S = Smile. Sharing a supportive smile confirms relationship and affection, not necessarily approval of actions. Errors are teaching moments, making home the place where constructive values are built and smiles sustain relationships.

HUGS trump peer group pressures and destructive intimidation. Hugs shape destinies.

Values, observed in our behaviors, were taught to us by those people who cared enough about our success to monitor how well we lived up to expectations, theirs and ours. Values can be constructive or destructive depending upon the agreed-upon priorities of core support group members. Positive behaviors include character, honesty, openness, charity and graciousness. Mentors who support socially-constructive interactions define, explain, model and coach those they are guiding toward honor and integrity. Anti-social leaders also carefully nurture those they are training. Their ideals reward those who become cunning, manipulative, secretive, selfish and ruthless. Values, positive or negative, determine destination. What destinies are you creating for those who look to you for guidance?

Question: (E-220)
published in Jim Bracher's Integrity Matters newspaper column on February 15, 2006

"You consistently tie profitability with integrity and trust. Why?"

You consistently tie profitability with integrity and trust. Why?

Relationships, built upon honoring commitments, are what sustain the long-term success of the enlightened free enterprise system. Enlightened free enterprise demands legitimate, not excessive, profits, simultaneously valuing community, the source of integrity and trust. When trust breaks down, faceless buyers and sellers demand detailed contracts and more costly inspections. When breaches of trust are deep, legislation is demanded. F ree markets must operate with integrity, a culture of compliance, or face increasing government oversight.

Whatever precipitates the need for recalling faulty automobiles or restating corporate financials, uncertainty precedes loss of trust. The Wall Street Journal reports (12-27-05) that "Medical-device maker Guidant Corporation announced Friday that its fourth quarter sales and profit will be well below Wall Street expectations as it continues to struggle to regain consumer confidence after months of warnings about rare malfunctions in its cardiac electrical devices." Guidant's corporate leadership illustrates failed integrity. Its leaders mislead customers, some of whom died and the company is paying a high price for its self-serving greed.

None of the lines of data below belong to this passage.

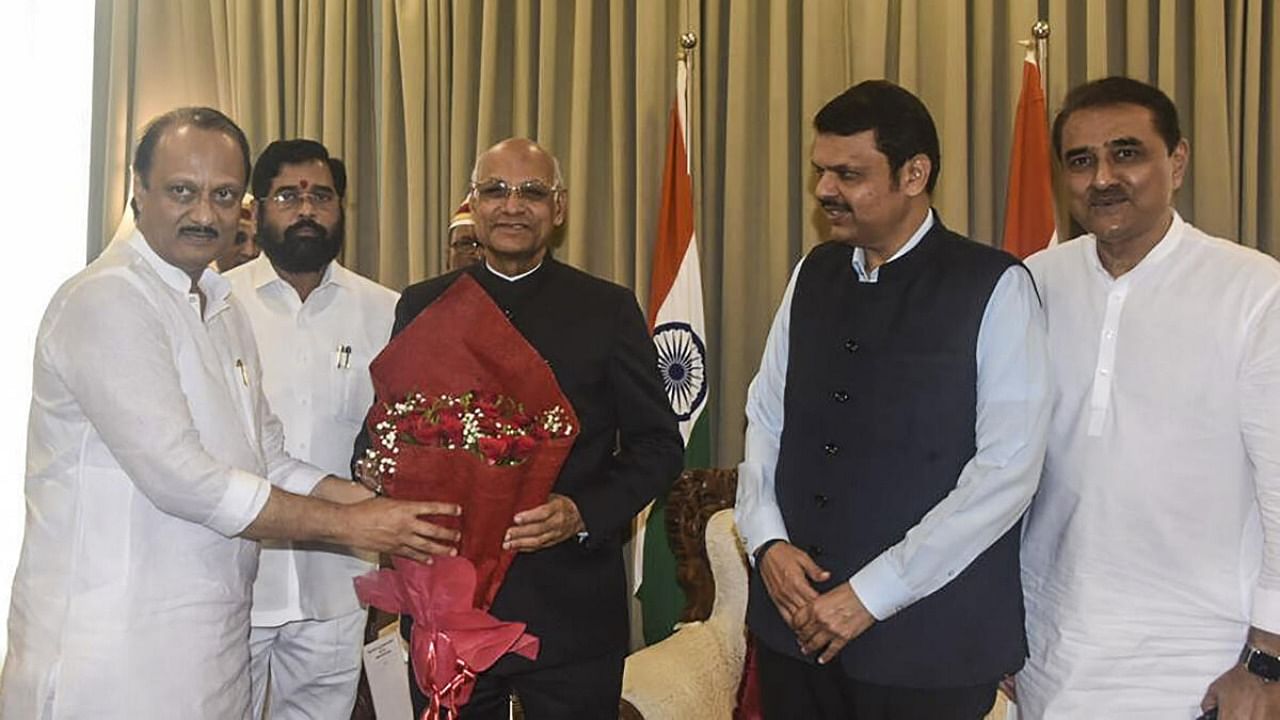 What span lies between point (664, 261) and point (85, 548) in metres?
Result: 2.58

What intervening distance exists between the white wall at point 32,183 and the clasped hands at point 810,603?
358 cm

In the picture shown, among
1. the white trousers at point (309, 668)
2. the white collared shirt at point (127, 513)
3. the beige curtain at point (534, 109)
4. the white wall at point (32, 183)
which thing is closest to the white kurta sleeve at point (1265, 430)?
the white collared shirt at point (127, 513)

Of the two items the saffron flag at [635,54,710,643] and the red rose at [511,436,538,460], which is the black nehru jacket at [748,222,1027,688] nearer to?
the red rose at [511,436,538,460]

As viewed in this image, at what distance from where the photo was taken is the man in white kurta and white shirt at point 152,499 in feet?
6.27

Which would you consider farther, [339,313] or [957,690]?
[339,313]

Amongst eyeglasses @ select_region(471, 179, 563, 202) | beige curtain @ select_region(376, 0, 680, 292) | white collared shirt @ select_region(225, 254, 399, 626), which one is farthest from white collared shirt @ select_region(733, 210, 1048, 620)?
beige curtain @ select_region(376, 0, 680, 292)

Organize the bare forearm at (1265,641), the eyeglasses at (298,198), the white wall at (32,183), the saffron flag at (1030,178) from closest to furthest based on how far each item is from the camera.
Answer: the bare forearm at (1265,641), the eyeglasses at (298,198), the saffron flag at (1030,178), the white wall at (32,183)

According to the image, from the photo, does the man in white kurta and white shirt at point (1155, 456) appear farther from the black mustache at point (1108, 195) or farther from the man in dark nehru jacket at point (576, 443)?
the man in dark nehru jacket at point (576, 443)

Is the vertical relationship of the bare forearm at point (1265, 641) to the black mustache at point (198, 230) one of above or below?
below

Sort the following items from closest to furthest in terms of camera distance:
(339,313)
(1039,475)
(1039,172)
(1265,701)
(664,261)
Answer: (1265,701) < (1039,475) < (339,313) < (1039,172) < (664,261)

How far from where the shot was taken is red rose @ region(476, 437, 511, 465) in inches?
76.4

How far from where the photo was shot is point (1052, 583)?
83.1 inches

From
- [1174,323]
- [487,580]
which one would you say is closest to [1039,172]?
[1174,323]

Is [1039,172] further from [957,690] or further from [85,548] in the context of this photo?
[85,548] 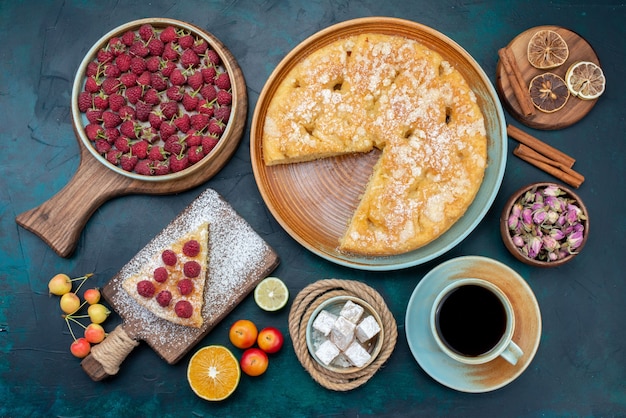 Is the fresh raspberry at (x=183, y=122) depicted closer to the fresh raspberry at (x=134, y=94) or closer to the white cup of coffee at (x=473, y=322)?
the fresh raspberry at (x=134, y=94)

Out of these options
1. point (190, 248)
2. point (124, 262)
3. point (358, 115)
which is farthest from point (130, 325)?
point (358, 115)

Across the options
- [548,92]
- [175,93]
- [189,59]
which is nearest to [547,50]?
[548,92]

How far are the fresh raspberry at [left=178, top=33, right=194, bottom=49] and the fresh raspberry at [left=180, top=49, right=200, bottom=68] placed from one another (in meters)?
0.04

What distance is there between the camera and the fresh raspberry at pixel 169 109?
3.62 meters

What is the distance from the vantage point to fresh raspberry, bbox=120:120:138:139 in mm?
3619

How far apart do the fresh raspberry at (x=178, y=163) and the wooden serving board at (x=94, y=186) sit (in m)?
0.11

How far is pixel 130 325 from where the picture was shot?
3688 mm

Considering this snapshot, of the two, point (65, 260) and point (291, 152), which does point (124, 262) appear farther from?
point (291, 152)

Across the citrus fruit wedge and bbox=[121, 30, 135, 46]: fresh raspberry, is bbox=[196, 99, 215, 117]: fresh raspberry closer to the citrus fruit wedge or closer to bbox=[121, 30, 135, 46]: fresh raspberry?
bbox=[121, 30, 135, 46]: fresh raspberry

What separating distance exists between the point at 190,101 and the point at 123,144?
19.8 inches

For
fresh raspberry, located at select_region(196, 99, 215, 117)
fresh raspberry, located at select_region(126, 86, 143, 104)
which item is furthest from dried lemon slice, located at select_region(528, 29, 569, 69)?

Thinking only about short-term profits is a mistake. The old maxim applies: "Cheat me once, shame on you. Cheat me twice, shame on me." Many consumers recognize when they are being violated. And, though not vengeful, those who have suffered marketplace mistreatment have long memories and will likely never give the same greedy individuals a chance to prey on them again.

A local businessman is frustrated by those who shop at his conveniently-located retail store to "test-drive" photography equipment, choosing to purchase elsewhere from lower-cost providers. These folks know the price of just about everything and the value of almost nothing. His contribution is not recognized. So, his enterprise is at risk. A society operating this coldly will self-destruct, bankrupting neighbors, while saving a few dollars on purchases.

Five attitudes need to be addressed to sustain enlightened free enterprise. Way before modern economic theories were created, wealthy landowners left food in the fields to insure even the poorest of the poor would survive. Before welfare, it neighbors cared for those at risk. In the hurry to grow margins, a very unhealthy mistrust has arisen between labor and management, rulers and the ruled. It must change.

First, legitimate profit is constructive. Second, workers deserve appropriate compensation. Third, suppliers must be able to earn appropriate returns. Four, families and villages are cornerstones of culture and are worth sustaining. Five, success in the enlightened free enterprise system is about how people treat one another: socially, politically and economically. Restoring trust demands, at least sometimes, sacrificing incredible for reasonable profits while maintaining genuine concern for all stakeholders, demonstrating customer loyalty and social sensitivity. Integrity and trust build long-term profitability.